Trusty Wikipedia tells me the song was written in 1907 by Will Cobb and Gus Edwards. Doing a bit more Wikipediaing, I discovered that this was only the chorus. Here's a link to the sheet music for the entire song; it contains all the lyrics. And here's a link to an old, old recording.
I have no memory of when/how I learned the song; it's just one of those things from childhood that, later, you seem just to have always known. Like how to eat. Or breathe.
I do have one (uncomfortable) memory of the song. When I was in elementary school, I had a strong soprano voice (!!), and, as a result, teachers sometimes picked me to sing things. In public. And one year (3rd grade, I think--Mrs. Ziegler's class!) the teacher decided it would be cute (I guess) to have me and some girl (whose name I cannot recover) dress up like Tom Sawyer and Becky Thatcher and sing the song at an open house in our Adams School classroom.
I do remember I didn't want to do what the teacher insisted we do: hold hands and swing them while we sang. At that age, I had no desire to hold a girl's hand--and certainly NOT in public! But I did, wishing and praying that Time would accelerate to warp speed (though at the time I'd never heard of that term--Star Trek lay in the future). Time didn't cooperate. It d-r-a-g-g-e-d. But the parents all smiled and swayed in their seats while I blushed as red as an ashamed sunrise.
As I look at the lyrics, I don't believe we sang the verses to the song. (They don't look/sound at all familiar.) But ... anything's possible. All this happened sixty-four years ago.

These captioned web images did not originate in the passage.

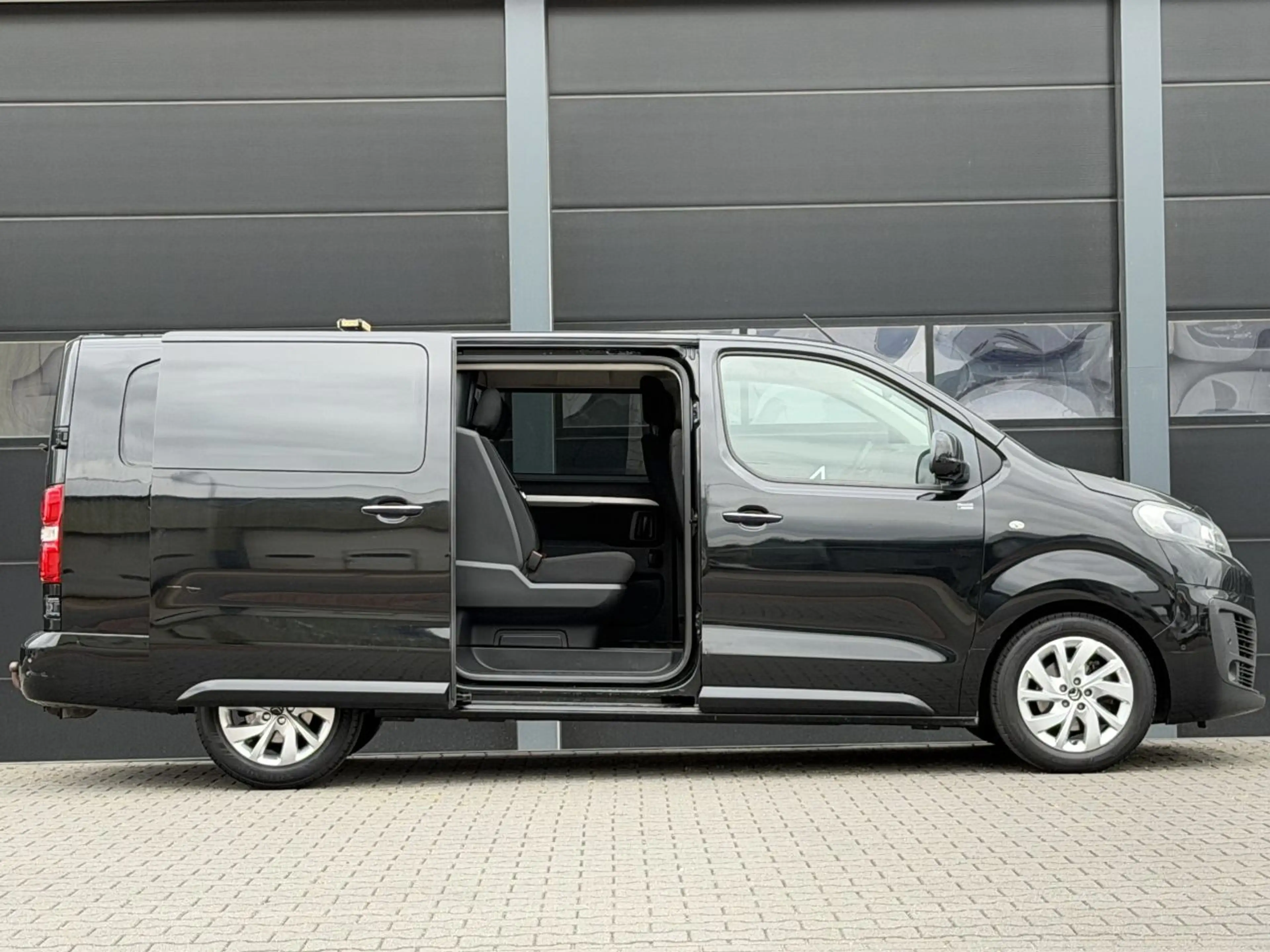 Citroen Jumpy 2.0 BlueHDI Automaat Camera DC 6-PERS — photo 4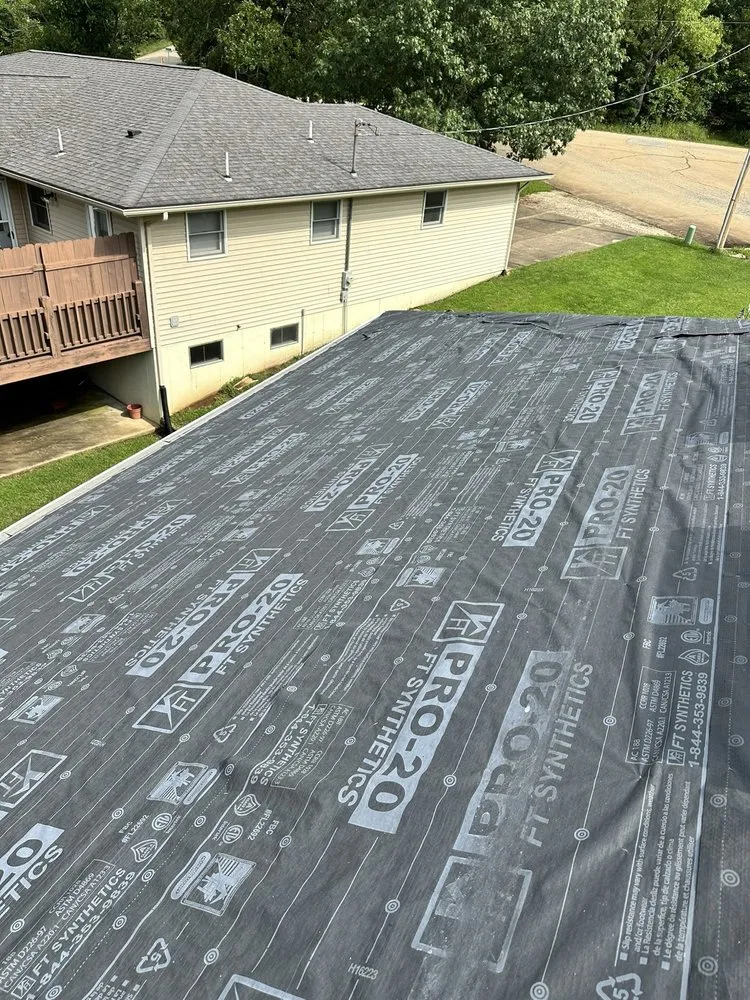 Slide of Ryan’Z Roof’Z and Extior’Z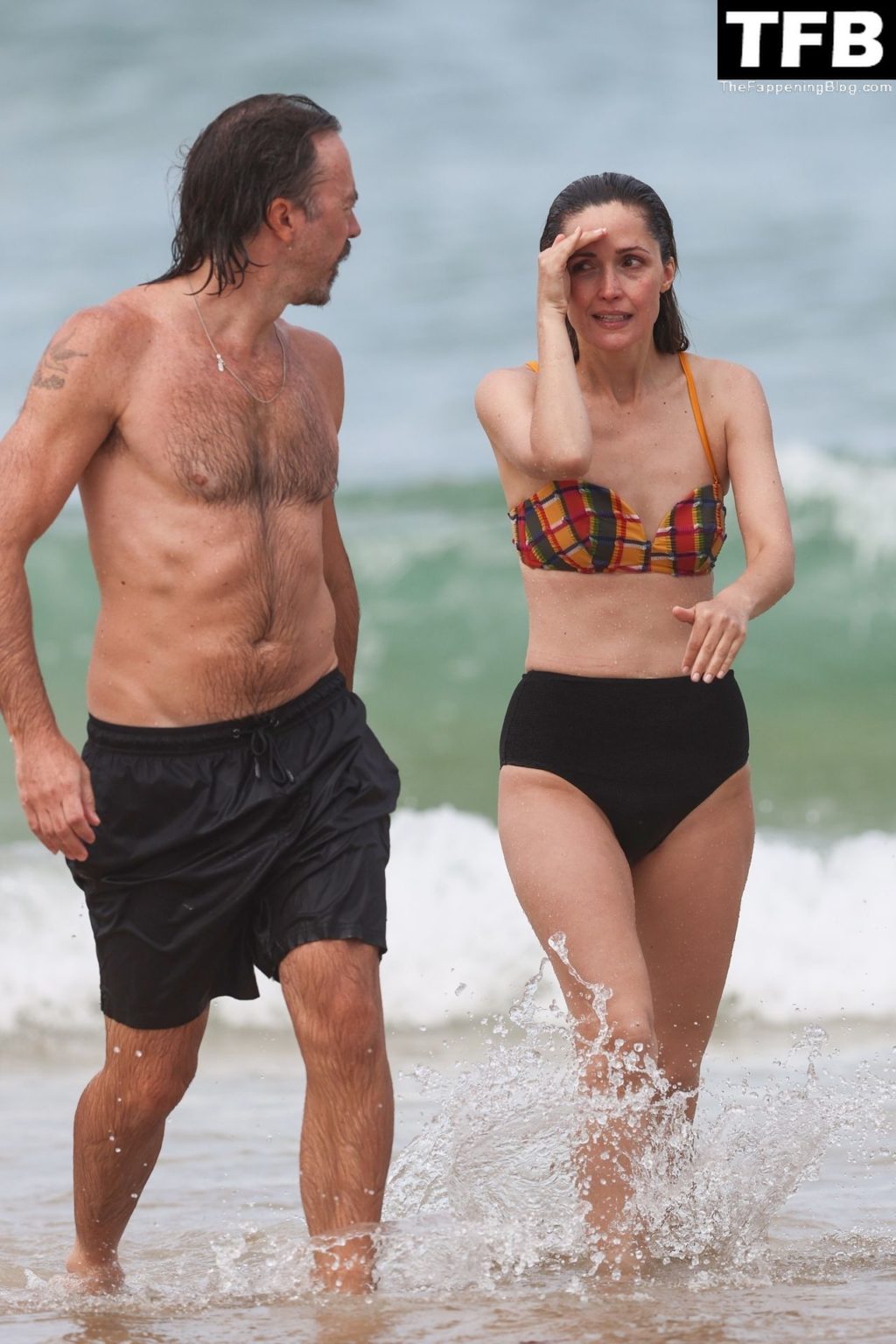 Rose Byrne Sexy The Fappening Blog 67 1024x1536 - Rose Byrne & Kick Gurry Enjoy a Day on the Beach in Sydney (90 Photos)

So ... perhaps it was those FB pictures--and thinking about 4th grade--that popped those lyrics into my head once again. Joyce and I were driving back from an evening visit to the Starbucks drive-thru in Aurora when I started singing--my soprano long gone.
And what a dark coincidence that barely a half-day later I got the horrible news that Mike Lenzo, one of the first principals I worked for early in my middle school teaching career--beginning in 1968--passed away this morning. He was a profound influence on me--educationally, personally--and his loss is a mighty blow to the stability of the heart of the world.